So, how do we determine whether the ListingModel instance we're resolving already has all the amenity data attached to it? We know that when we for a single listing, we get all the amenity data from the REST API; in contrast, when we query for featuredListings, we only get a list of amenity ids for each listing; name and category are null! They weren't included in the REST API response.

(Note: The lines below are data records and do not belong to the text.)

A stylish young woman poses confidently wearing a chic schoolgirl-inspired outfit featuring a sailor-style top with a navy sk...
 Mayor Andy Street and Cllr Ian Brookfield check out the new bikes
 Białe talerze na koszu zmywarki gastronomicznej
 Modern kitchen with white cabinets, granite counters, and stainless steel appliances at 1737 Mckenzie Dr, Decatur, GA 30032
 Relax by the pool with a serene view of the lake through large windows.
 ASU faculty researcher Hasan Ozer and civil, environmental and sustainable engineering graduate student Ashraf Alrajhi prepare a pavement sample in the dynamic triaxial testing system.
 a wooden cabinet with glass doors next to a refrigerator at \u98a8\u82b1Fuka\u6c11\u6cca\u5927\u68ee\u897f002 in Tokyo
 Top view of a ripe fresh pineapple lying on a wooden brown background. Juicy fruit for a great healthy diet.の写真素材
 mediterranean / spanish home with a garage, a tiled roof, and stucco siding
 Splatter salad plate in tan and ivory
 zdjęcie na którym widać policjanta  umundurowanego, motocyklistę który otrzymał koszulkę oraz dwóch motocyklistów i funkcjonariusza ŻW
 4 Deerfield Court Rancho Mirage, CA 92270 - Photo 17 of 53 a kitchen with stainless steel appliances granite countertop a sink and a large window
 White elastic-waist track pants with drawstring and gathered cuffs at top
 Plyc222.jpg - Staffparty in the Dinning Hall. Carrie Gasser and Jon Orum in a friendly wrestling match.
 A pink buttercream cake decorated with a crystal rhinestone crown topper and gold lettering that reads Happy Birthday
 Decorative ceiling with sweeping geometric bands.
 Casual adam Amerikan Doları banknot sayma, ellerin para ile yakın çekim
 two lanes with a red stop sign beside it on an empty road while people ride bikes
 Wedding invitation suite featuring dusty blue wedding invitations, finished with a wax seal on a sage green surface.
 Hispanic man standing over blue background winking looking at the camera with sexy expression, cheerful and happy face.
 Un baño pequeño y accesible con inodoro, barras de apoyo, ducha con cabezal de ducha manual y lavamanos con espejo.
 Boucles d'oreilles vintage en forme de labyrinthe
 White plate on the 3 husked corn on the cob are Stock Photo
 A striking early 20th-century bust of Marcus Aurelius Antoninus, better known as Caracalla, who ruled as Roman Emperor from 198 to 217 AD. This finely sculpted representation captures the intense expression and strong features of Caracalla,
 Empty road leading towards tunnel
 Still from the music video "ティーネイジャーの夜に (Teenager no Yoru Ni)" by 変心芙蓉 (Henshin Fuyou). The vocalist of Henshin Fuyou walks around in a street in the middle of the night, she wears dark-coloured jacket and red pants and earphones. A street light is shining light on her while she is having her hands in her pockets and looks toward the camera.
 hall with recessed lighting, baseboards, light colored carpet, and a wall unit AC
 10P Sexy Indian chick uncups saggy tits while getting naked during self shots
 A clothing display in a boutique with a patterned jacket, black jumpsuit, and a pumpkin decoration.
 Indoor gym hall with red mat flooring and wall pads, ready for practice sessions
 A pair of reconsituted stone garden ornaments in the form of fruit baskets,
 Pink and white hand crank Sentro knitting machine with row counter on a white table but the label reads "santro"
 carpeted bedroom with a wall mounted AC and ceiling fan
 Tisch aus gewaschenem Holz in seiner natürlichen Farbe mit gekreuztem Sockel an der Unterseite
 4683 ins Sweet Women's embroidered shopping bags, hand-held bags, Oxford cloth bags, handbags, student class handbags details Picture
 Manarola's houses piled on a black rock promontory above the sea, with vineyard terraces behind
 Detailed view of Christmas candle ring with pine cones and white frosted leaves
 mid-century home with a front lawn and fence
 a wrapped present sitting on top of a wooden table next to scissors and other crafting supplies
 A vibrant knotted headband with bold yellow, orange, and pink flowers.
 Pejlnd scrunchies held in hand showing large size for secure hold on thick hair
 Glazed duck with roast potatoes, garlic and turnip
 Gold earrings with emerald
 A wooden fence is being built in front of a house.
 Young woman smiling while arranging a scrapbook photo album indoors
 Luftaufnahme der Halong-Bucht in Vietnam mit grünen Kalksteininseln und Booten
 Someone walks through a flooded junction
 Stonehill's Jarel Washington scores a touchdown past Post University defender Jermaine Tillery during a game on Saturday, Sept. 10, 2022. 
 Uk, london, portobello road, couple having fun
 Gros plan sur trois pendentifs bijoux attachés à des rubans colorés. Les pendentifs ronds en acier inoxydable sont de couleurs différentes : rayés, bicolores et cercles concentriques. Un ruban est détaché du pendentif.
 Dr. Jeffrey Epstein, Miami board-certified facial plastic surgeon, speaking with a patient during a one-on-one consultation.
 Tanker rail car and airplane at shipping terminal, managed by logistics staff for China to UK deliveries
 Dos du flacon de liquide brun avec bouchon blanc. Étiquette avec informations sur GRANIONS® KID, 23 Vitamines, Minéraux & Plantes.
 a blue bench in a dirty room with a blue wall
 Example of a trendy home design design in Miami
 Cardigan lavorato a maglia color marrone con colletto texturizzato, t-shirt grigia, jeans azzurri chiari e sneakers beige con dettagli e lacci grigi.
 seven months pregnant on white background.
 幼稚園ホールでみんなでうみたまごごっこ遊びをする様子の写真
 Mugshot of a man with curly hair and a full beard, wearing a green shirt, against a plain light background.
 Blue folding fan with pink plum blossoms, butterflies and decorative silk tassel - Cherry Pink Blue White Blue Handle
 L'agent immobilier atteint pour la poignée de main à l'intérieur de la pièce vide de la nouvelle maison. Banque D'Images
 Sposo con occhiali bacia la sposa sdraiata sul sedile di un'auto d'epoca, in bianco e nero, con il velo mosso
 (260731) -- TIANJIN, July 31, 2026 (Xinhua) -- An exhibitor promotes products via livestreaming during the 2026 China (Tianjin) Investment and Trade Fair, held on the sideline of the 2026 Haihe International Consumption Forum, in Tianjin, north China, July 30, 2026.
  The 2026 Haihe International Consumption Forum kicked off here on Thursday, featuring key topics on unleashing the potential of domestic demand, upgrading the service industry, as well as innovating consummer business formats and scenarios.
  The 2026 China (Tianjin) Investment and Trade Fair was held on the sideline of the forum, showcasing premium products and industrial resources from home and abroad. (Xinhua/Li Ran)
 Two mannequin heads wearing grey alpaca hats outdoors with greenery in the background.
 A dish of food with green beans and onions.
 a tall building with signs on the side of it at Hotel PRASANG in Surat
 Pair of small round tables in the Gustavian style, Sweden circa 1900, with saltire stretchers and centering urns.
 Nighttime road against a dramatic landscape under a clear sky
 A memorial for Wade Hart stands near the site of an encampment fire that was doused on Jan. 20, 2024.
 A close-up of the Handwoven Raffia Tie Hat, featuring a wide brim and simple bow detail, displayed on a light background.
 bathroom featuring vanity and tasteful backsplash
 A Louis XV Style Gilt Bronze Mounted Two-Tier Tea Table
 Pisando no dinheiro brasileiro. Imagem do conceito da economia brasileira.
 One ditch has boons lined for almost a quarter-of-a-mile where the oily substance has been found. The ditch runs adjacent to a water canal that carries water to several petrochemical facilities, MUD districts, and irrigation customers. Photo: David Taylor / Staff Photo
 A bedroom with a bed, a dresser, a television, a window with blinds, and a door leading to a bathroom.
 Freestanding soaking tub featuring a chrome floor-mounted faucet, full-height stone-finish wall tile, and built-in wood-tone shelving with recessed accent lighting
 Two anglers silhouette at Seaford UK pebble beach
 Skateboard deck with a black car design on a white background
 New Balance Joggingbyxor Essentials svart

// Amenities on an instance of ListingModel when returned by the Query.listing datafetcher
Listing{id='listing-1',
amenities='[Amenity{id='am-2',category='Accommodation Details',name='Towel'},
Amenity{id='am-10',category='Space Survival',name='Oxygen'},
Amenity{id='am-11',category='Space Survival',name='Prepackaged meals'}]'}
// Amenities on an instance of ListingModel when returned by the Query.featuredListings datafetcher
Listing{id='listing-1',
amenities='[Amenity{id='am-2',category='null',name='null'},
Amenity{id='am-10',category='null',name='null'},
Amenity{id='am-11',category='null',name='null'}]}

Local context in DGS

DGS gives us a way to pass down custom context between our datafetchers: using the DataFetcherResult type. We'll use this type's localContext property to help us determine whether we're resolving amenities for a ListingModel that already has them set on the class, or whether we need to make a follow-up request.

First, let's import the DataFetcherResult type, at the top of the file.

ListingDataFetcher
import graphql.execution.DataFetcherResult;

Then, we'll wrap the listing method's return type with DataFetcherResult.

ListingDataFetcher
@DgsQuery
public DataFetcherResult<ListingModel> listing(@InputArgument String id) {
return listingService.listingRequest(id);
}

Right now, we'll see an error in our code: the listing method is no longer returning the type that we've indicated. Instead of returning the data directly, we'll capture it in a ListingModel called listing.

ListingDataFetcher
@DgsQuery
public DataFetcherResult<ListingModel> listing(@InputArgument String id) {
ListingModel listing = listingService.listingRequest(id);
}

To return a DataFetcherResult type, we'll need to build an instance of the type, with additional properties attached. The syntax will look something like this:

return DataFetcherResult.<T>newResult()
.data() // pass in the data to return
.localContext() // attach local context
.build();

Let's update our method using this syntax. For the value of T, the type , we'll give the original return type of our method, ListingModel. We'll pass the listing into data().

ListingDataFetcher
return DataFetcherResult.<ListingModel>newResult()
.data(listing)
.localContext()
.build();

The localContext property is what we'll use in this datafetcher method to indicate to the next datafetcher in the chain that the ListingModel we return already has its full amenity data.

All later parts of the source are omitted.